= Subornation of perjury =

Permitting someone to purposefully lie in court

In American law, Scots law, and under the laws of some English-speaking Commonwealth nations, subornation of perjury is the crime of persuading or permitting a person to commit perjury, which is the swearing of a false oath to tell the truth in a legal proceeding, whether spoken or written.

==U.S. Law==
In American federal law, Title provides:

Whoever procures another to commit any perjury is guilty of subornation of perjury, and shall be fined under this title or imprisoned not more than five years, or both.

The term subornation of perjury further describes the circumstance wherein an attorney at law causes a client to lie under oath or, allows another party to lie under oath.

In California law, per the state bar code, the subornation of perjury constitutes an act of "moral turpitude" on the part of the attorney, and thus, is cause for their disbarment, or for the suspension of their license to practice law.

==In legal practice==
As a crime, it has been defined as "persuading another to commit perjury."

But "suborn" is more broadly defined. Amongst three definitions: to induce a person to commit a wrongful act ... esp. in a secret or underhanded manner; to induce a person to commit perjury; and to obtain perjured testimony from another.

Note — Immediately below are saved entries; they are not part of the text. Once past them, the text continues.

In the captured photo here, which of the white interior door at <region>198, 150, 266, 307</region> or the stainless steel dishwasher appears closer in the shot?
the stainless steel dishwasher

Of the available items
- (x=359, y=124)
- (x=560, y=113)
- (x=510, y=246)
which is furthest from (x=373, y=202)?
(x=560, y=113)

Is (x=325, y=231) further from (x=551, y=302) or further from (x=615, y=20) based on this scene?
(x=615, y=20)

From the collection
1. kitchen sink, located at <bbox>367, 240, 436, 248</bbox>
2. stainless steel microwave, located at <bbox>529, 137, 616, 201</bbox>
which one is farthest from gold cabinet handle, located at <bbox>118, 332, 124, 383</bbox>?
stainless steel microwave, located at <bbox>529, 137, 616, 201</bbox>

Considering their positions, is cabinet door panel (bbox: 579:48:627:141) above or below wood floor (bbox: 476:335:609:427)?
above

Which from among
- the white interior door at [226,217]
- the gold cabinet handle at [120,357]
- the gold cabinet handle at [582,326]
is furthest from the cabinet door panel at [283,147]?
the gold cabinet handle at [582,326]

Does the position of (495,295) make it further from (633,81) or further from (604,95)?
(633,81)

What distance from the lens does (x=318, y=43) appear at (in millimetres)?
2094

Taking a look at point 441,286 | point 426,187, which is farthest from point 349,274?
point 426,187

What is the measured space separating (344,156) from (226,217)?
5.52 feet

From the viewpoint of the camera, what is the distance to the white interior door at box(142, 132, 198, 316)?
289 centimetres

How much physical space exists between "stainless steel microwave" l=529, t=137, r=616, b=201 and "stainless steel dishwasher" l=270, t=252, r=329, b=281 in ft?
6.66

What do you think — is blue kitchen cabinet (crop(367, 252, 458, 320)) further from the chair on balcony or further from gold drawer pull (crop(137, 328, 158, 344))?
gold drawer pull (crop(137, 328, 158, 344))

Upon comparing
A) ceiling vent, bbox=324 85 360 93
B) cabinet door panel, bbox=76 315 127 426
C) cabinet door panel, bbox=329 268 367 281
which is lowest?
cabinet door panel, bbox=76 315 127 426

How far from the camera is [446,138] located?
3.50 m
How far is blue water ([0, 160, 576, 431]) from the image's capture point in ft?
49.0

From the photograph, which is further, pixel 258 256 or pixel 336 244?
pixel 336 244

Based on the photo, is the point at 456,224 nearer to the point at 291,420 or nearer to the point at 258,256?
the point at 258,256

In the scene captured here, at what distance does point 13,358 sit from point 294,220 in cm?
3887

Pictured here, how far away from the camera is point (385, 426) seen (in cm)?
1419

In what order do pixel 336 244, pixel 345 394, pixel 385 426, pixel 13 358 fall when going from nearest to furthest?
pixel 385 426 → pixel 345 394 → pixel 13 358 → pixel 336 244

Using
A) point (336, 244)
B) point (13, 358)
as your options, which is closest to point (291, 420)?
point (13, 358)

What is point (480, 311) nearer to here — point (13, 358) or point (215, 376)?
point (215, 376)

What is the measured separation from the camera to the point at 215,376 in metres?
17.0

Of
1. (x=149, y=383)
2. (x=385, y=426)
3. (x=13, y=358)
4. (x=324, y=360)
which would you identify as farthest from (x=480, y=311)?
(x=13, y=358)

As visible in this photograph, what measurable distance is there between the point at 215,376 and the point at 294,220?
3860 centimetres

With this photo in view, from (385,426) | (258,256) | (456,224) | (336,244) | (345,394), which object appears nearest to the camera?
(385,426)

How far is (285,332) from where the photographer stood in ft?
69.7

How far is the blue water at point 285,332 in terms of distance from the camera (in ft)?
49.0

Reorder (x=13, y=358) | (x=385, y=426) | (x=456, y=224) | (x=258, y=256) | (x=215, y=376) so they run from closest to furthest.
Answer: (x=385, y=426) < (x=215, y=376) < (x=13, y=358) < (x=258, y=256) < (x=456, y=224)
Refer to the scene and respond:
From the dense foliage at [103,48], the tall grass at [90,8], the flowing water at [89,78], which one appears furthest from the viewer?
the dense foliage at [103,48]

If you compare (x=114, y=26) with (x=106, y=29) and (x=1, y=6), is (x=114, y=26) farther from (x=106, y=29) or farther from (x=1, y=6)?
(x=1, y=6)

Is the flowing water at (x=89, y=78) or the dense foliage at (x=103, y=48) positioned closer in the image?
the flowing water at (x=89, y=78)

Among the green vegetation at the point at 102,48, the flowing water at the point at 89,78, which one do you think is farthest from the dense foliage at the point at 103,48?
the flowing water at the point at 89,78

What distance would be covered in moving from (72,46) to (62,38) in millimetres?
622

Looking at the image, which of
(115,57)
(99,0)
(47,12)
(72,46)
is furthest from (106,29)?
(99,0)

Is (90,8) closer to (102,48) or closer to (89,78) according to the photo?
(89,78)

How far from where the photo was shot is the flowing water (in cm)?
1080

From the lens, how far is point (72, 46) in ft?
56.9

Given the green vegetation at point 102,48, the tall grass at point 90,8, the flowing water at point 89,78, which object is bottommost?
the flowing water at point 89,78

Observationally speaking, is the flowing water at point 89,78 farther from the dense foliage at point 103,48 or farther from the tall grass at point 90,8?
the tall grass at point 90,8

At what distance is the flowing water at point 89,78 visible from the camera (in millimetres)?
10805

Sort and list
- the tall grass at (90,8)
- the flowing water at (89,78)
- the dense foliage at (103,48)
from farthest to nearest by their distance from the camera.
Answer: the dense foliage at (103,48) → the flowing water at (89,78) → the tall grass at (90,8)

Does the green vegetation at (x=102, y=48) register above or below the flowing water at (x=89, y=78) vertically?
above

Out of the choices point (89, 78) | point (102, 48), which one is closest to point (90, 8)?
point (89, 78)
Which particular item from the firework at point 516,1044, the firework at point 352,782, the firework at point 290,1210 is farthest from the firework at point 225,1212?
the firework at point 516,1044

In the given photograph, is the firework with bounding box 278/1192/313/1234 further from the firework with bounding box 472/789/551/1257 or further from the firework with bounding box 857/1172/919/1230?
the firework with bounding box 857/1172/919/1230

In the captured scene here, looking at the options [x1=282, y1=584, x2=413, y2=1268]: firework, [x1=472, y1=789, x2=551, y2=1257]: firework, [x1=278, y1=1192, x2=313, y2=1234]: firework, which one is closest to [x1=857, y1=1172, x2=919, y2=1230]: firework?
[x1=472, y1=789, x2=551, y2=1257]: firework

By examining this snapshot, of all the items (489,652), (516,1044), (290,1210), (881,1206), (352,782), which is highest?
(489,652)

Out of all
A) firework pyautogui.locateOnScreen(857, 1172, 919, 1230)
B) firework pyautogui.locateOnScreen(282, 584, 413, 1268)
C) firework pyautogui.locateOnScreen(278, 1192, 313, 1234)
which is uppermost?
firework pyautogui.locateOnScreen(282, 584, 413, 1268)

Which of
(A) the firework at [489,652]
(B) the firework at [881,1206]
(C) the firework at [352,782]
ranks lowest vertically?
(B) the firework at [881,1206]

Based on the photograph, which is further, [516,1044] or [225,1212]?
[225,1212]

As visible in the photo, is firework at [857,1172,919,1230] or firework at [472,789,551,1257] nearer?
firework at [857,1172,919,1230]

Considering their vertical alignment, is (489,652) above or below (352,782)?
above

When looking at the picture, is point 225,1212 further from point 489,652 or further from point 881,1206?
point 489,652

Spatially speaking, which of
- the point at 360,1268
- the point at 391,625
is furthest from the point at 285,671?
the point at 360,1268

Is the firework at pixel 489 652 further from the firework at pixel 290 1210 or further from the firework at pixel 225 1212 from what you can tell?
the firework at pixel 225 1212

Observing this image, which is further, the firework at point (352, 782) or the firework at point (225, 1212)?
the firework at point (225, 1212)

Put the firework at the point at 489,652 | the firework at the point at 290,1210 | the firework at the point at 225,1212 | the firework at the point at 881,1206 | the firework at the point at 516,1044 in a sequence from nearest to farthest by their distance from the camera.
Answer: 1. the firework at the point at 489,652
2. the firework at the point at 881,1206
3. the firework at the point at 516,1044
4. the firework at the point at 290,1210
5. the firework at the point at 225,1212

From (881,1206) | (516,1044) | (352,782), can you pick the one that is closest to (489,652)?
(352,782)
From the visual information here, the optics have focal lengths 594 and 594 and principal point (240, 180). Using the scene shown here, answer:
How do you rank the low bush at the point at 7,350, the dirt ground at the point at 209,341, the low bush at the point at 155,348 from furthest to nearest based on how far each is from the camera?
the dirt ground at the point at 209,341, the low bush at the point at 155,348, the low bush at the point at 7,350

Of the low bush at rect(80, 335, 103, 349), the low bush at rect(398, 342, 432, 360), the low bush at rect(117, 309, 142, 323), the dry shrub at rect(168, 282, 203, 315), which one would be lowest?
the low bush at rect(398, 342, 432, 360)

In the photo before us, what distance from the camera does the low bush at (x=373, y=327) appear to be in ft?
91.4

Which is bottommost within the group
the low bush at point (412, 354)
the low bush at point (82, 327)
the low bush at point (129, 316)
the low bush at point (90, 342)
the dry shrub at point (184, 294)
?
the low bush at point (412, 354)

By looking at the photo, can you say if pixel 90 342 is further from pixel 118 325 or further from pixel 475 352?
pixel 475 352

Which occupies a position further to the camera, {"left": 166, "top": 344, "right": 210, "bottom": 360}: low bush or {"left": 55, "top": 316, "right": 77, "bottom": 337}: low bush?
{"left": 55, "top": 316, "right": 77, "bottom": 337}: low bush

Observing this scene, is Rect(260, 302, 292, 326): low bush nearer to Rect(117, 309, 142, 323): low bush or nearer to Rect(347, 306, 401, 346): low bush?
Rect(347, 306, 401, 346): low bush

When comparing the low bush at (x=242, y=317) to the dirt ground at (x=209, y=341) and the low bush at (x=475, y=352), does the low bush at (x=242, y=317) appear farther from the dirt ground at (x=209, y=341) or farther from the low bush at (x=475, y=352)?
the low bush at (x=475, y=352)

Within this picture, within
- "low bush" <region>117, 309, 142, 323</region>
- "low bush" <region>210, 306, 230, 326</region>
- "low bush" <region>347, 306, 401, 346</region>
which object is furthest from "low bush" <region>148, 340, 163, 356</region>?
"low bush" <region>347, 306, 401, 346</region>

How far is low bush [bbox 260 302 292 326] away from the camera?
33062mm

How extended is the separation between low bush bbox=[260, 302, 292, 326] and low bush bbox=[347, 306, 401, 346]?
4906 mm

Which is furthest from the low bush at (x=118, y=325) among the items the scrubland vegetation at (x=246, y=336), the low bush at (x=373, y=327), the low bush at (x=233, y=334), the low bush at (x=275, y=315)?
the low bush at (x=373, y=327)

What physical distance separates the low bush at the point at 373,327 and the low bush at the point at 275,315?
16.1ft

In legal practice, the condition of suborning perjury applies to an attorney who presents either testimony or an affidavit, or both, either to a judge or to a jury, which the attorney knows to be materially false, and not factual. In civil law and in criminal law, the attorney's knowledge that the testimony is materially false must rise above mere suspicion to what an attorney would reasonably have believed in the circumstances of the matter discussed in the testimony. Hence, the attorney cannot be wilfully blind to the fact that their witness is giving false, perjurious testimony.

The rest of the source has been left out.